Inutile cercare sulla loro testa rigonfia gli occhi formati dagli oblò della cabina di pilotaggio. I veri occhi di questi mostri dei cieli sono altri, si trovano sparsi sotto la fusoliera e sotto il muso. E sono occhi ad altissima tecnologia, obiettivi e telecamere capaci di cogliere dettagli del suolo da 20 mila metri di altezza e trasferirli poi su mappe precise al millimetro, da utilizzare per studiare il territorio e per pianificare interventi militari. «Abbiamo diversi aerei con diverse capacità militari », racconta ermetico il comandante della base Us Navy di Sigonella, Christopher Dennis. Che con lo sguardo sembra venerare il mostro dalle ali larghe 35 metri.
Già, perché qui a Sigonella il drone è un cult. Lo si nota dalla scultura sul piedistallo che accoglie i visitatori sul piazzale, che riproduce un drone in volo. Dalle decine di gigantografie che arredano il corridoio che porta all’hangar segreto. Dagli striscioni appesi nell’hangar stesso: “Welcome in the Global Hawk country”, mentre un altro celebra il traguardo delle centomila ore di volo dell’aereo senza pilota, che ha debuttato nel febbraio 1998. Si nota dai due militari armati fino ai denti che sorvegliano l’aereo, protetto con teli e coperture in ogni suo punto vulnerabile. Un Global Hawk equipaggiato con le attrezzature fotogrammetriche di base costa oltre 220 milioni di dollari, ma a seconda degli equipaggiamenti il suo costo può quasi raddoppiare. Quanti ce ne siano custoditi sotto questo e gli altri hangar resta un mistero.
Di sicuro ci sono almeno cinque Global Hawk. Così come di sicuro da qualche altra parte della base sono custoditi i temibilissimi Predator, i piccoli droni della General Atomics che possono anche viaggiare con un carico di bombe. Ma qui entriamo nella “top secret area”.

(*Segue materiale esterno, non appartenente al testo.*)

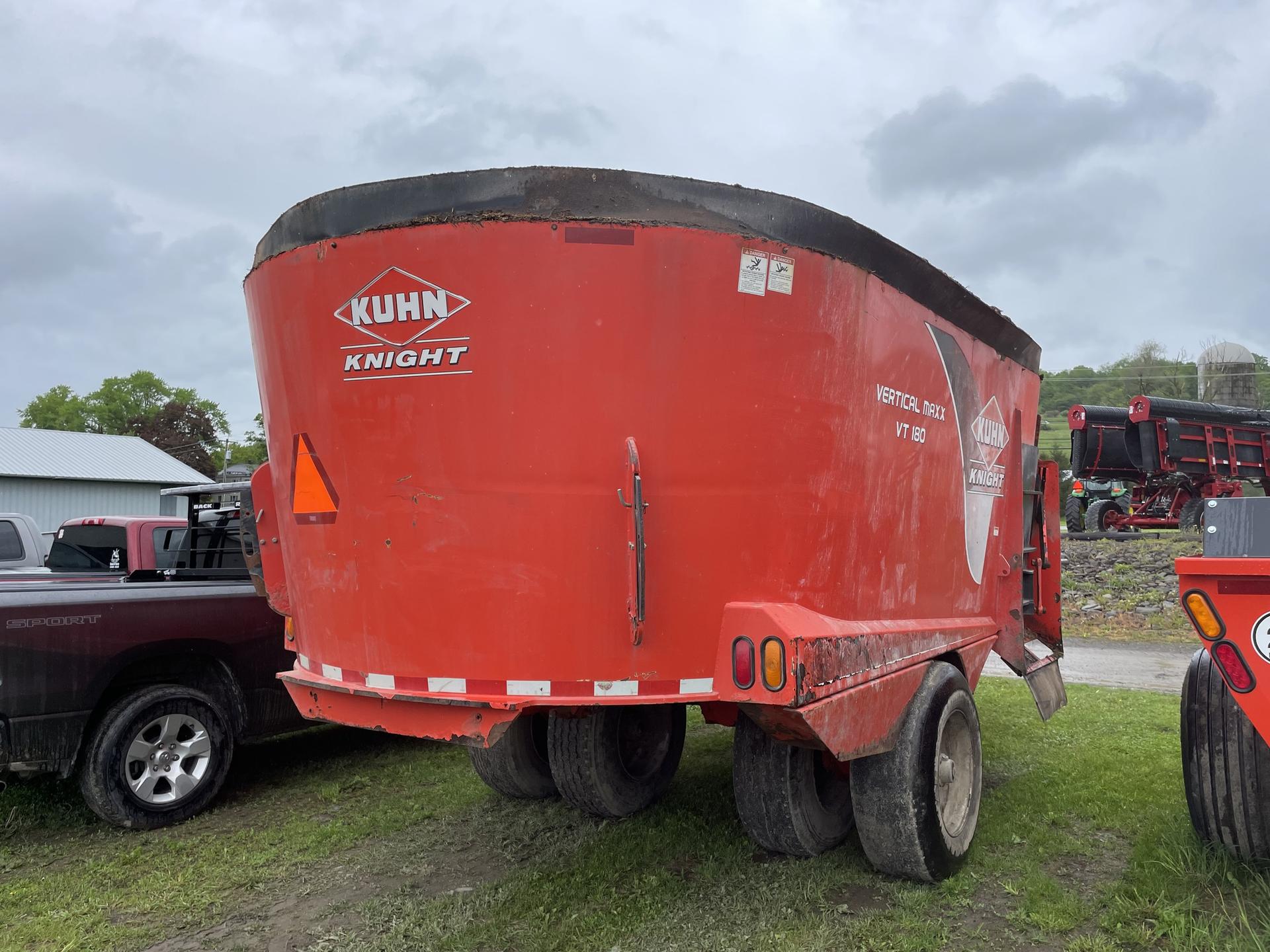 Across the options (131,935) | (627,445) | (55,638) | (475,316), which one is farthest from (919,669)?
(55,638)

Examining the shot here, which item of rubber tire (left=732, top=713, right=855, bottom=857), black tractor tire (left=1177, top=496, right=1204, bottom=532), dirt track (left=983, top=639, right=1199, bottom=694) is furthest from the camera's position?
black tractor tire (left=1177, top=496, right=1204, bottom=532)

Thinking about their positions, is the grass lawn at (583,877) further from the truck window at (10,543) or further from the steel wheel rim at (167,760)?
the truck window at (10,543)

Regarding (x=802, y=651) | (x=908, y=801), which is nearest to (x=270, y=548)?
(x=802, y=651)

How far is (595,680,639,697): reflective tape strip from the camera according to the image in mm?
3174

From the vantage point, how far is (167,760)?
5242 millimetres

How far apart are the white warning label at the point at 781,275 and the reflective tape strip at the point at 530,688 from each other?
1.63 meters

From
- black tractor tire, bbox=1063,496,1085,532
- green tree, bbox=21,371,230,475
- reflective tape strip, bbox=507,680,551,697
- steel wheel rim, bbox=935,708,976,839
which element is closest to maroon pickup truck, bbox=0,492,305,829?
reflective tape strip, bbox=507,680,551,697

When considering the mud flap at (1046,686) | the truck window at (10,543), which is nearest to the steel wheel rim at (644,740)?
the mud flap at (1046,686)

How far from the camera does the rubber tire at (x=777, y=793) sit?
13.5ft

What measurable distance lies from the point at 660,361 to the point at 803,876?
8.25ft

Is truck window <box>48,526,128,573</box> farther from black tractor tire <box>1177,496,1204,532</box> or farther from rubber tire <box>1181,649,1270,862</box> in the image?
black tractor tire <box>1177,496,1204,532</box>

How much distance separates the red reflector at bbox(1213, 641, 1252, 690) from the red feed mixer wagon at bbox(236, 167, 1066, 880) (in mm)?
1166

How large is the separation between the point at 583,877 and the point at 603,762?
0.69m

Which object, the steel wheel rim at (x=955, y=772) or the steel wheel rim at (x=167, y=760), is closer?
the steel wheel rim at (x=955, y=772) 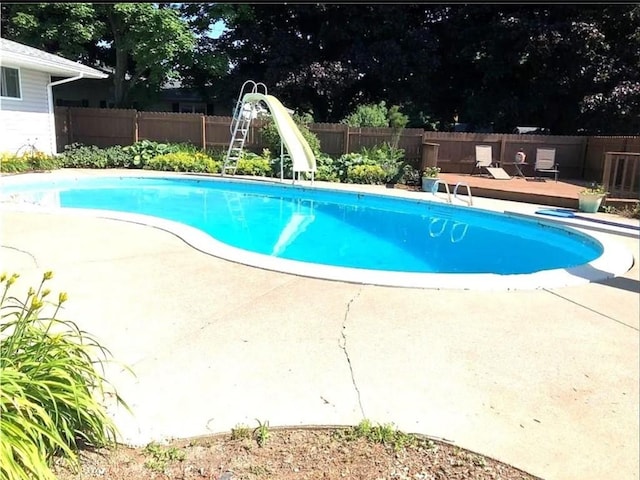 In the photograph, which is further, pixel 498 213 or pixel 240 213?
pixel 240 213

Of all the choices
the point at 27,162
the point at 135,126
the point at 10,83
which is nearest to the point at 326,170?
the point at 135,126

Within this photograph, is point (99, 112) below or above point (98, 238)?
above

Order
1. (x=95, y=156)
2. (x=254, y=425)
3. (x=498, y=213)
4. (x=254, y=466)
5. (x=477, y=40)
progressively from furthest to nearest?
1. (x=477, y=40)
2. (x=95, y=156)
3. (x=498, y=213)
4. (x=254, y=425)
5. (x=254, y=466)

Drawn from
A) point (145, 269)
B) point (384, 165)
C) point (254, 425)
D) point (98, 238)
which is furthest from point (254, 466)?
point (384, 165)

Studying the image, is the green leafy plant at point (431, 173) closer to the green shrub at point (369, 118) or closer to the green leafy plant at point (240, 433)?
the green shrub at point (369, 118)

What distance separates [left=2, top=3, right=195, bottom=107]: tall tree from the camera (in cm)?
1972

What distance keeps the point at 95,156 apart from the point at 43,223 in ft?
32.6

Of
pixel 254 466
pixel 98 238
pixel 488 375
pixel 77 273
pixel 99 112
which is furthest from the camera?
pixel 99 112

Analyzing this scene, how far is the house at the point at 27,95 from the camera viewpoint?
14414mm

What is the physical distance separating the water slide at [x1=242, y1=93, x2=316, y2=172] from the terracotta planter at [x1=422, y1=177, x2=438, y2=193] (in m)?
3.11

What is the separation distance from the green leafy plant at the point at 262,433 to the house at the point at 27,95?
46.8ft

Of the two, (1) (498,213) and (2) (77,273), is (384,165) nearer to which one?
(1) (498,213)

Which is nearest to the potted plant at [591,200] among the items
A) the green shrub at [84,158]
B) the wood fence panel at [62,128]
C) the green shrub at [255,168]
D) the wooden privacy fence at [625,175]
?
the wooden privacy fence at [625,175]

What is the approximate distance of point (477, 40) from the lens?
2050 cm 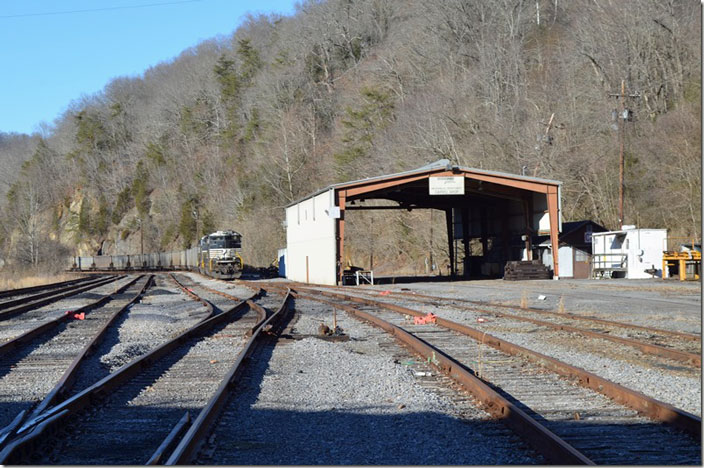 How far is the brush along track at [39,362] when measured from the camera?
7.53 metres

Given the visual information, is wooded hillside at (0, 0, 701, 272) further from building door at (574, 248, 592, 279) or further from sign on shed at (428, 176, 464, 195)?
sign on shed at (428, 176, 464, 195)

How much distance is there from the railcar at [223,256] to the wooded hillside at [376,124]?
13413mm

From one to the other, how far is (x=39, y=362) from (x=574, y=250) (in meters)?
31.5

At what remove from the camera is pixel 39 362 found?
33.2 feet

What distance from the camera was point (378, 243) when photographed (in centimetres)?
5475

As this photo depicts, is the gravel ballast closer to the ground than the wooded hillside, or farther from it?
closer to the ground

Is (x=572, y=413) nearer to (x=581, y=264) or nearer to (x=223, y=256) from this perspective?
(x=581, y=264)

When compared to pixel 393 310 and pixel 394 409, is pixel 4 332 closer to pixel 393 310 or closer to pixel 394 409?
pixel 393 310

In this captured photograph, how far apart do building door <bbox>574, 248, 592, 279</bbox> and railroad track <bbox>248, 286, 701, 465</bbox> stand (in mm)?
29033

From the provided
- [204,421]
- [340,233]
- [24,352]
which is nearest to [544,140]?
[340,233]

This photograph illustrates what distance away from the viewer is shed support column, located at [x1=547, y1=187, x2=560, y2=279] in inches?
1357

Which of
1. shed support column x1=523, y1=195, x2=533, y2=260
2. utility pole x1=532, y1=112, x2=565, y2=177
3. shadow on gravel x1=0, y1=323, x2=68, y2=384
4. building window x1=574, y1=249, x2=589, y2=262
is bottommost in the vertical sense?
shadow on gravel x1=0, y1=323, x2=68, y2=384

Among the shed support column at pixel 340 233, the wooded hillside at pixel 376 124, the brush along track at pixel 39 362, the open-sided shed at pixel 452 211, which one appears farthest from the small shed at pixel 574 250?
the brush along track at pixel 39 362

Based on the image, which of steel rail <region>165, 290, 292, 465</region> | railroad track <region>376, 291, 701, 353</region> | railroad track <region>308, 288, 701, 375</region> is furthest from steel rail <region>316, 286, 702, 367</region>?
steel rail <region>165, 290, 292, 465</region> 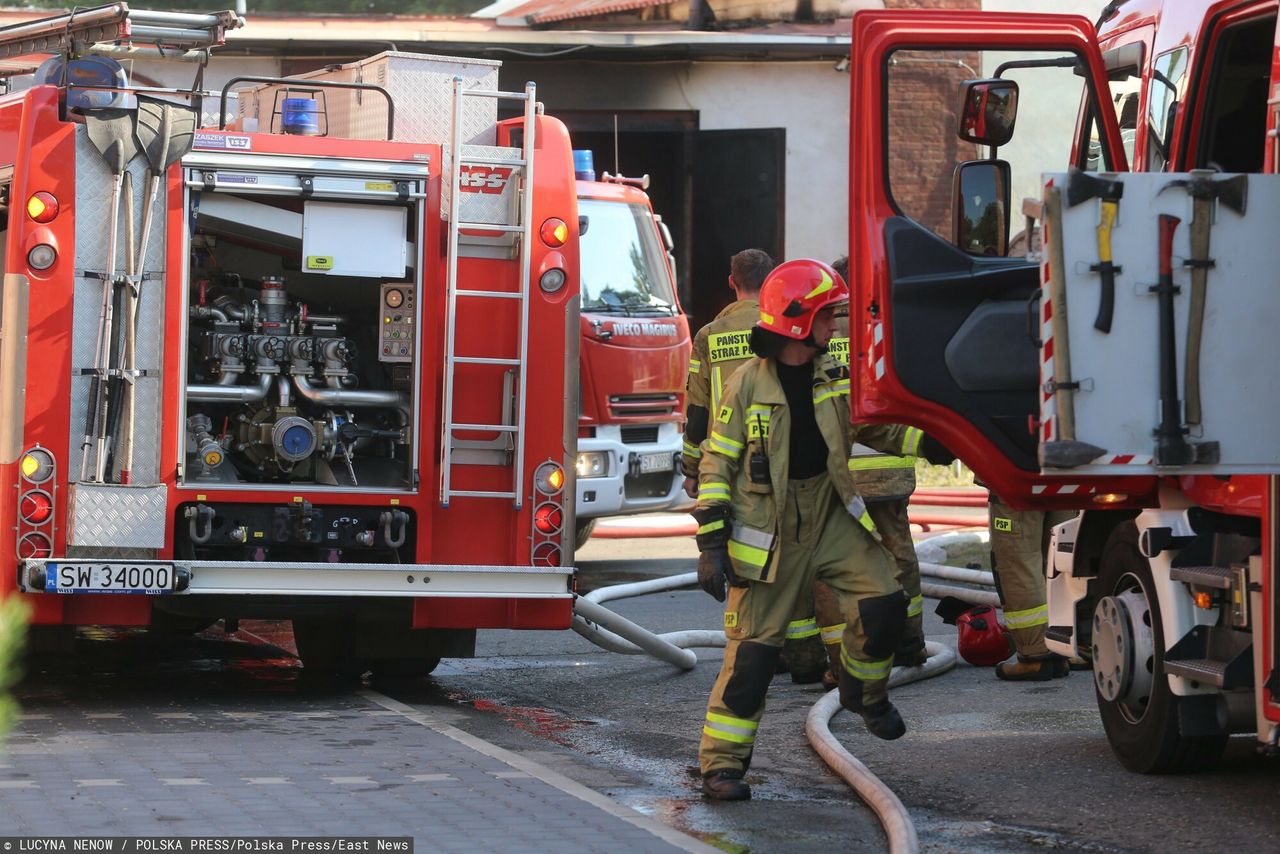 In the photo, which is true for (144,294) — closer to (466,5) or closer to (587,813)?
(587,813)

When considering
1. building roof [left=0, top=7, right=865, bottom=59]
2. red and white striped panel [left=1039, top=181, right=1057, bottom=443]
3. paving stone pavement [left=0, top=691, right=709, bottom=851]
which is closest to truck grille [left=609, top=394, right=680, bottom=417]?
paving stone pavement [left=0, top=691, right=709, bottom=851]

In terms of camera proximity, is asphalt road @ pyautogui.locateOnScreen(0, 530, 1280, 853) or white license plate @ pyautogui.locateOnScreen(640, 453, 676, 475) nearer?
asphalt road @ pyautogui.locateOnScreen(0, 530, 1280, 853)

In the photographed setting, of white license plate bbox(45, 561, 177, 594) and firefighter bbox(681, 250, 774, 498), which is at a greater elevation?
firefighter bbox(681, 250, 774, 498)

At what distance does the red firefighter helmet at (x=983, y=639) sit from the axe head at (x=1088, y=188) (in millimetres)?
3366

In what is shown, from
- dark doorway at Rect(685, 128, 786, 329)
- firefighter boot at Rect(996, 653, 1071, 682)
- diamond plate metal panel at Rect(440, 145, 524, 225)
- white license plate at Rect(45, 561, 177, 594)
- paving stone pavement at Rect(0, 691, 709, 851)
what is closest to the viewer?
paving stone pavement at Rect(0, 691, 709, 851)

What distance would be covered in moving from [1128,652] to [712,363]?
2.48 m

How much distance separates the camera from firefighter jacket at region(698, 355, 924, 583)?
6.34 m

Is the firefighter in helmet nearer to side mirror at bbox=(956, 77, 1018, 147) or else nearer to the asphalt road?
the asphalt road

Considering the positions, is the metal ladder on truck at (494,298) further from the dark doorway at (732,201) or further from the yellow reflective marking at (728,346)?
the dark doorway at (732,201)

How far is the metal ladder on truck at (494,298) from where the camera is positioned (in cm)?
783

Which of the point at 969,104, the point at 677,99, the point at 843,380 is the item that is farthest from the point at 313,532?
the point at 677,99

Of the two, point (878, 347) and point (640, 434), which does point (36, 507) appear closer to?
point (878, 347)

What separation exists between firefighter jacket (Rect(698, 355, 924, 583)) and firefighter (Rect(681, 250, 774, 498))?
5.47 feet

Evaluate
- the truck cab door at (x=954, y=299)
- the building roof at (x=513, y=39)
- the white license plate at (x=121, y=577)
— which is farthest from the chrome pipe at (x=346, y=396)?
the building roof at (x=513, y=39) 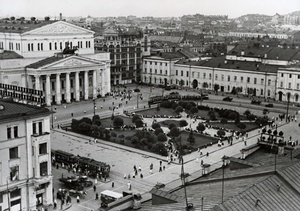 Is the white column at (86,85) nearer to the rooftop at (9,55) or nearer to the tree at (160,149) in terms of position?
the rooftop at (9,55)

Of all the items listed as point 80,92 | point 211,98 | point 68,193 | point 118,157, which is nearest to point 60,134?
point 118,157

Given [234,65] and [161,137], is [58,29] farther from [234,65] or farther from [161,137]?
[161,137]

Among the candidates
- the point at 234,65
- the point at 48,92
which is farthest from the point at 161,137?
the point at 234,65

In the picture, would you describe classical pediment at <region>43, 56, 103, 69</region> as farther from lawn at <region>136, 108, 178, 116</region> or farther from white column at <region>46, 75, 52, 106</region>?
lawn at <region>136, 108, 178, 116</region>

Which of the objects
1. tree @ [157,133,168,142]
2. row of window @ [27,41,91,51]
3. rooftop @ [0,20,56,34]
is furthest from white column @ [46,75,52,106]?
tree @ [157,133,168,142]

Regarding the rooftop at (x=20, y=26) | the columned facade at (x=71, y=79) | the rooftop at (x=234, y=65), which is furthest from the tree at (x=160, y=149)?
the rooftop at (x=234, y=65)

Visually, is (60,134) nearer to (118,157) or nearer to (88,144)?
(88,144)

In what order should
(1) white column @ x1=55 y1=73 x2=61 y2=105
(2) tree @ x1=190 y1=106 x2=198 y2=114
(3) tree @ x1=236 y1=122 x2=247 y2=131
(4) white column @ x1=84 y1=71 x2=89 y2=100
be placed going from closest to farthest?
1. (3) tree @ x1=236 y1=122 x2=247 y2=131
2. (2) tree @ x1=190 y1=106 x2=198 y2=114
3. (1) white column @ x1=55 y1=73 x2=61 y2=105
4. (4) white column @ x1=84 y1=71 x2=89 y2=100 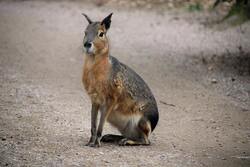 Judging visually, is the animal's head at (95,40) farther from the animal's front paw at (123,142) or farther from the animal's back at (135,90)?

Intanto la stazione aeronavale di Sigonella non è mai stata così popolata di marines: ce ne sono ottocento. Il gruppo legato al comando Africom si chiama “Special Purpose Air Ground Task Force Crises Response”, ed è arrivato a maggio ufficialmente per rafforzare il livello di protezione nelle ambasciate Usa in Nord Africa. Resterà qui senza limite di tempo. Una presenza voluta dal Pentagono con indicazioni precise, spiegato il colonnello Brian T. Koch, comandante del gruppo giunto qui con il suo staff dalla base di Moròn, in Spagna. «Non abbiamo scadenza. Siamo qui a Sigonella su ordine del Pentagono, secondo gli accordi con il governo otaliano, per fronteggiare qualsiasi cosa accada nel Nordfrica, e ovviamente in Libia, considerato che è il luogo a noi più vicino. Per il resto la nostra principale attività rimane l’addestramento dei militari africani». Il termine chiave per capire il loro ruolo è “Crises Response”, che in soldoni significa: “Pronti a intervenire qualsiasi cosa accada”. Dalla missione in Libia per proteggere il personale Usa a quella più sofisticata in Nigeria per rintracciare le liceali rapite da Boko Haram: «Non abbiamo avuto nessuna indicazione sulla Nigeria, ma ovviamente se venissimo coinvolti saremo pronti anche a quest’altra missione», ammette Koch.
I marines ci tengono a non fare la parte degli “invasori”. Si impegnano in prima persona per spegnere gli incendi che in questi giorni hanno devastato la Sicilia. Dedicano intere giornate a ripulire siti archeologici, coste e spiagge dell’Isola, da Brucoli a Termini Imerese. Rapporti di buon vicinato che nessuno smentisce. Neppure il contadino che davanti all’ingresso della base ha costruito un giaciglio con copertoni e resti di biciclette: mai nessuno si è sognato di scacciarlo. A due passi dall’avamposto Usa forse si sente al sicuro.